- Records provided -

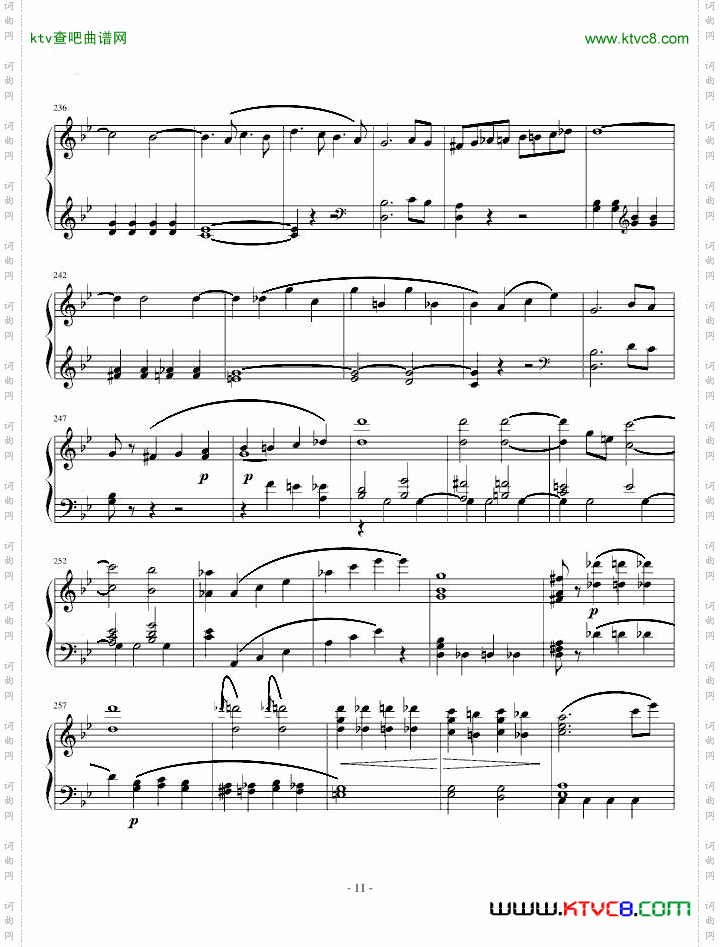 莫扎特第四十交响曲第四乐章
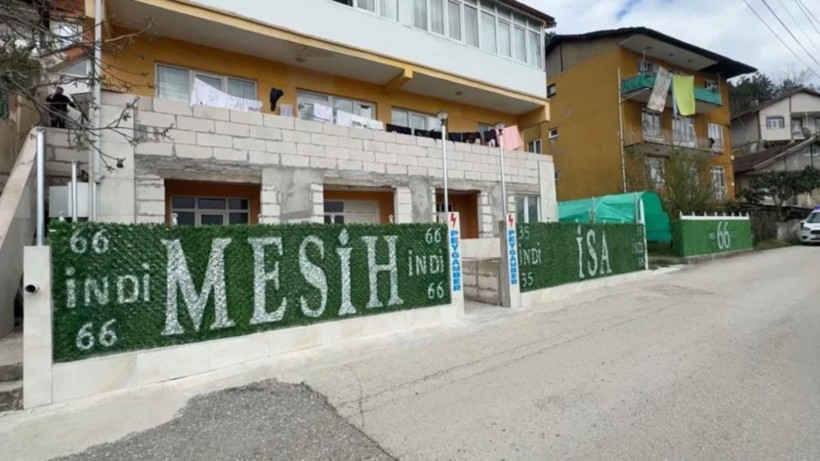 Kendisini “Mesih” ilan etti: Ekipler harekete geçti - Resim: 4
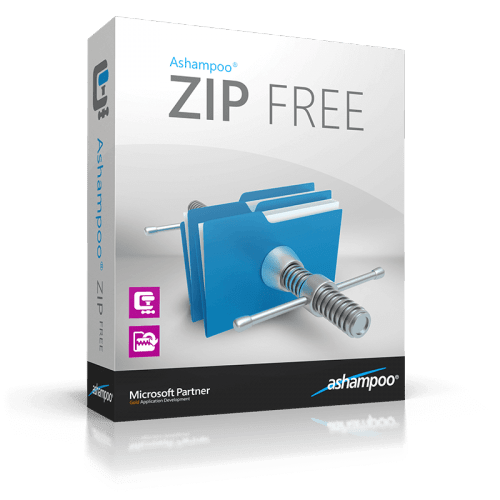 Ashampoo ZIP v1.0.7 Free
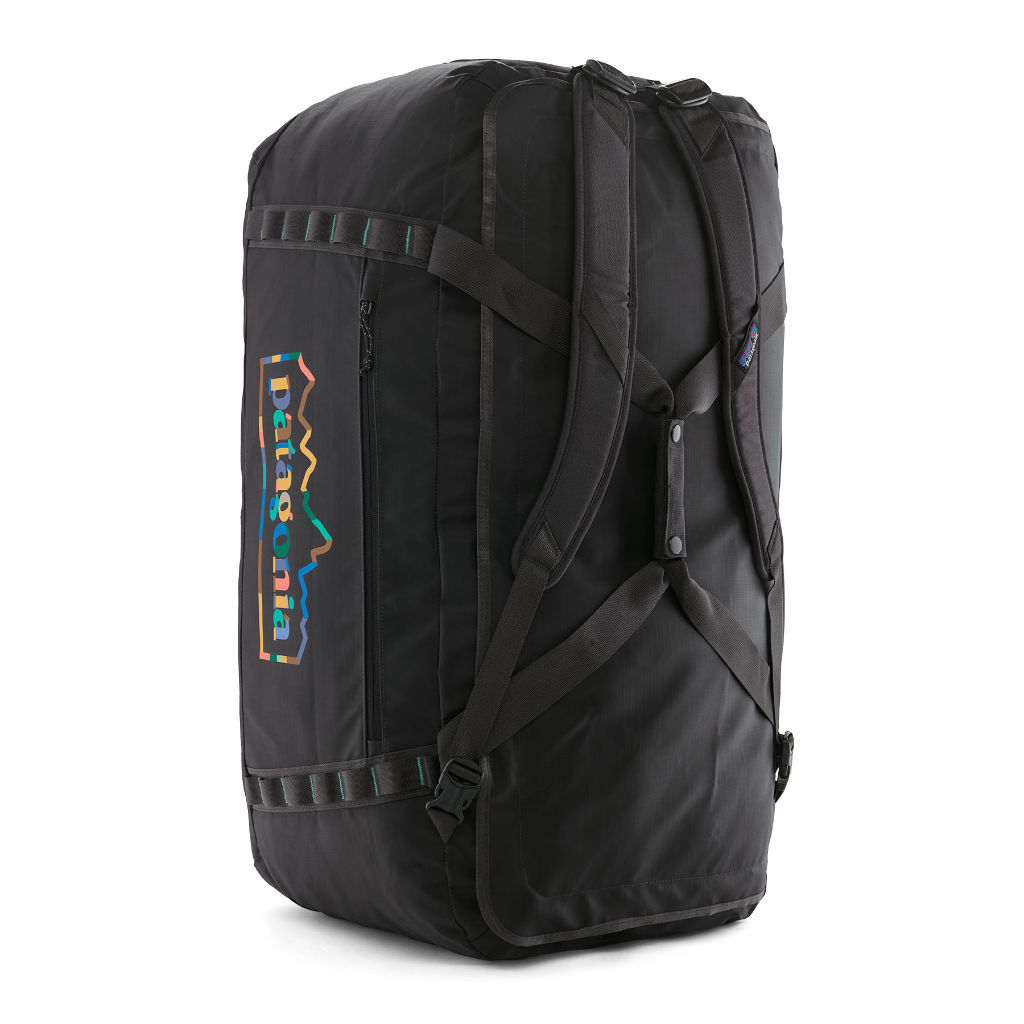 Patagonia Black Hole Duffel 100L Unity Fitz / Ink Black - Booley Galway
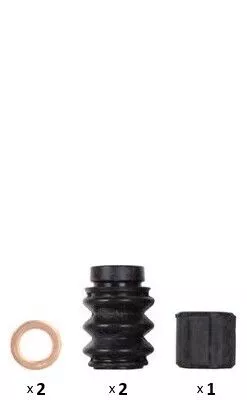 ELSTOCK Brake Caliper (86-2323)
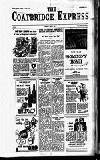 Coatbridge Express Wednesday 17 March 1948 Page 1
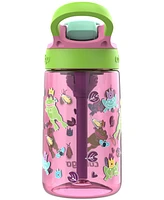 Contigo Kids Printed Autospout Straw 14-Oz. Water Bottle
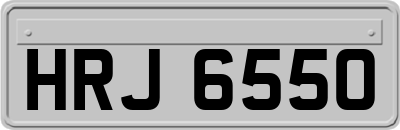 HRJ6550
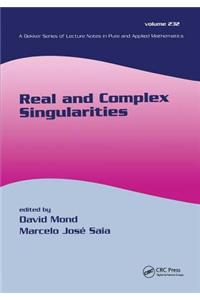 Real and Complex Singularities: The Sixth Workshop at Sâo Carlos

- Work to be completed -
The copy must start at the line containing "Contigo Kids Printed" and stop at the last line of the listing, both included, with every line exact and no pictures.

- Written response -
 Contigo Kids Printed Autospout Straw 14-Oz. Water Bottle
 HRJ6550
 Real and Complex Singularities: The Sixth Workshop at Sâo Carlos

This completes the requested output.